Michael Peskin of Hudson Pilot, formerly of Morgan Stanley, an expert in pension and asset systems, points to a system of incentives that has created a financial industrial complex composed of congressional oversight, public employee unions and a banking system that has a stranglehold on fiscal and tax policy.
Roger Cass, an independent analyst with an extraordinary track record for seeing when countries are about to hit walls (he homered on Japan when the world thought it had figured out its own economic miracle), says failure is written all over Obama’s health care and other domestic agenda. The current leadership is without a functional compass, even if it knew which direction to take and had the resolve to take it, which he is convinced that Obama & Co. do not.
Cass just issued a report to clients that warned, among other things:
- The world is entering stage four of an ongoing global financial crisis, unfolding next in Euro sovereign debt. Unemployment, slow growth and protests will mark Europe’s near term future as the situation worsens.
- Developing countries will not be able to offset slowdowns in Europe and the US, but will suffer as trade demand slows, so there is no global rescue in the emerging (BRIC) countries.
- China is operating a real estate “Ponzi scheme” and a collapse in prices has already begun. “Across China dozens of so- called ‘Fabric Cities’, ‘Electronic Cities’, and ‘High Technology Cities’, hybrids of department stores, factory outlets, and distribution centers specializing in the named products, have vacancy rates of 50% or higher, with investors demanding the return of their investments from local governments and developers. The process in which property values were driven ever higher by this Ponzi scheme of circular fraudulent transactions between local governments and corrupt bank loan officials and SOEs is now beginning to unwind.”
- We are about to go through a period of disinflation, but “…the massive stimulus programs and the eventual monetization of the accompanying record deficits by the U.S, European, Japanese, and Chinese governments to stave off financial collapse are setting the stage for a new round of rising global inflation, interest rates, and a weakening dollar.”
And he quoted Von Mises:
“There is no means of avoiding the final collapse of a boom brought about by credit expansion.
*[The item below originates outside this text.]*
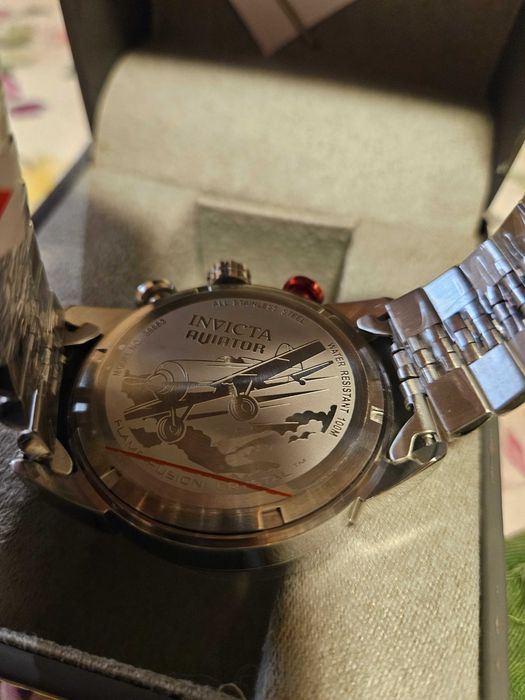 Часовник Invicta Aviator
The alternative is only whether the crisis should come sooner as a result of the voluntary abandonment of a further credit expansion, or later as a final and total catastrophe of the currency system involved”.
- Ludwig von Mises
These are just a few outtakes of a scathing and distressing report that prompt the fair question: what to do?
Peskin believes deflation is coming, and inflation will follow, as does Cass. Both are negative about stock markets, with a few exceptions, and both are bullish on Canada, and gold. While this may not seem conventional wisdom, in my experience it is likely to turn out to be wisdom after all, so I would ignore it only at my own risk. For further insight, track these guys down and ask your own questions.